Looking Back – That Infamous Trip to Mexico


In a couple of prior posts I have referenced the great vacation we took to Mexico in 2017 that helped spark our decision to try traveling for a year, so it seems appropriate to share details about that trip. It actually all starts with a long ago episode of House Hunters International, in which a woman was purchasing a home in which to retire in Mérida. They described the city as an artistic community, full of charm, and extraordinarily inexpensive. I made a mental note.

So when planning our winter getaway to break up the Missouri winter, I presented Chad with three options, one of which was Mérida. Even compared to flying down to Florida to stay with his parents, Mérida was cheaper. And so that was Chad’s choice.

Upon further research, I discovered that Mérida is actually a really large city. So, knowing our preferred travel style (expect a future post on “The Vegas Principle”), I found some additional places in Mexico to visit with Mérida as our main base. Of course, since Chad and I were both still in the mode of working all the time, this mid-winter break would be limited to only a week. This was our itinerary for a mid-February week in the Yucatan:

  • Arrived in Mérida late Sunday night, picked up our rental car and checked into hotel. This did not go altogether smoothly, as at that time we weren’t carrying credit cards (just debit cards) and the place we had the reservation had a policy against debit cards. Happily, we found an alternative car rental at the airport and it all turned out ok. We missed the street fair we hoped to check out, but after checking into our Freda Kahlo-inspired hotel, enjoyed a nice dinner out along one of the squares.
  • Spent Monday exploring Mérida, including the market, the buildings around the Plaza Grande, and the Museo del Mundo Maya (Museum of the Mayan World) to provide context for the rest of our visit. I believe this was also the night we tried Mezcal, a liquor made from agave that is like a smokier tequila. It came with orange slices, chili salt and dried bugs. Dinner that night was at a fancy Italian place.
  • On Tuesday we drove to the Ek’ Balam Mayan ruins, one of Mexico’s best-kept secrets, which we’d first visited in 2006 on a trip with Chad’s folks. It had definitely become more developed in the 11 intervening years, but was still not at all crowded and this time around we also came prepared to swim in its awesome cenote.

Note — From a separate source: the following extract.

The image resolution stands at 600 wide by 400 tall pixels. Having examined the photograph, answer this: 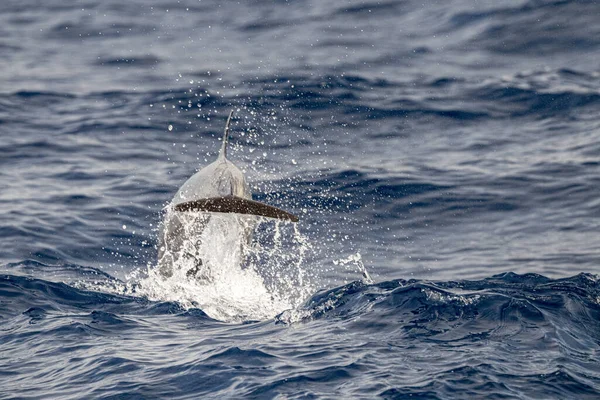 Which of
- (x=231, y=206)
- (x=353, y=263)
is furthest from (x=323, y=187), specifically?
(x=231, y=206)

After Ek’ Balam we visited the town of Valladoid for a fantastic lunch that included fresh guacamole prepared tableside.
  • On Wednesday, we left our Mérida hotel and drove to the beach town of Progreso. We swam and sunbathed for a couple of hours, having rented chairs from a beach vendor. Then we went to a beachside sports bar to watch Arsenal’s Champions League match and enjoyed some lovely bar snack and a very impressive pulpo (grilled octopus). What we did not enjoy was the match, because Arsenal played terribly. I’m still not over it. From there we drove on to the walled city of Campeche.
  • On Thursday we explored Campeche, walking along the city walls, touring its hole-in-the-wall museums about colonials and pirates, and walking along the sea. We enjoyed a fabulous dinner on its restaurant row, Calle Ocho.
  • On Friday we were back in the car, this time headed to the amazing Uxmal ruins, which are stunning and huge. After lunch at a resort nearby, we swam in a couple of great cenotes (X’Batún and Dzombakal) off the beaten path in the town of San Antonio Mulix and made it back to Mérida in time to catch the Mayan ball game demonstration on the square and enjoy one last nice dinner out.

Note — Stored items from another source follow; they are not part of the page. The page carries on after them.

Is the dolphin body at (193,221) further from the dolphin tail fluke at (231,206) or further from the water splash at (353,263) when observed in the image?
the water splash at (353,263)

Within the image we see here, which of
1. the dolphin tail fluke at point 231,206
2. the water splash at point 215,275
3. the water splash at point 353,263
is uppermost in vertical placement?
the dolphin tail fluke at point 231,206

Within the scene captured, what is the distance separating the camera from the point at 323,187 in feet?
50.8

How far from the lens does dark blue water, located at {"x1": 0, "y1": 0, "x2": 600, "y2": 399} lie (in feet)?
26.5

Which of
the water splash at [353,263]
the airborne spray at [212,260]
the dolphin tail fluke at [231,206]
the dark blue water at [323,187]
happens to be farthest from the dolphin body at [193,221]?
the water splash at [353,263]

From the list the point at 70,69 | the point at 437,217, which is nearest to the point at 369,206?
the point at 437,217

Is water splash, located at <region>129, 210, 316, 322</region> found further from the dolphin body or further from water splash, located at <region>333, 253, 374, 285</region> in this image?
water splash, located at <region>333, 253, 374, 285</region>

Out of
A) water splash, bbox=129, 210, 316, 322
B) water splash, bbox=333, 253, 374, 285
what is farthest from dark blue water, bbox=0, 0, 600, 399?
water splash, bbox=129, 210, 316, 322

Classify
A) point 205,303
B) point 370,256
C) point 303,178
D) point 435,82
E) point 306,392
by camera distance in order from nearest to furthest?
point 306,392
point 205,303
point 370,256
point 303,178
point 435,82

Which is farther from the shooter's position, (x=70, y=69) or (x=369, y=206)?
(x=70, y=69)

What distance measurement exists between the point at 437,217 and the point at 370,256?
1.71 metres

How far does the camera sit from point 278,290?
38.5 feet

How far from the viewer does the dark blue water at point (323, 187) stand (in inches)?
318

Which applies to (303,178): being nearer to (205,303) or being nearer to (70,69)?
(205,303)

In summary, we had a fabulous time. The ruins amazed us, the cenotes were an experience, the people were friendly, the food was fantastic. And this whole vacation – staying in decent hotels, eating and drinking well in the best restaurants, driving to multiple cities – only cost $2,000 including our flights (which alone totaled about $700).

I happened to have a family visit planned immediately upon returning to the US and on the airplane down to visit my grandpa in Texas, I started reading The 4-Hour Work Week. The way that book presented entrepreneurship combined with the experience I’d just had in Mexico completely clicked in my brain. And that was the start.

Mexico had been incredibly affordable. If it was possible to live in Mexico for less than the United States, maybe the other places mentioned in the book were plausible as well. And before I knew it, I had convinced my husband that we should pivot our lives and start traveling full-time.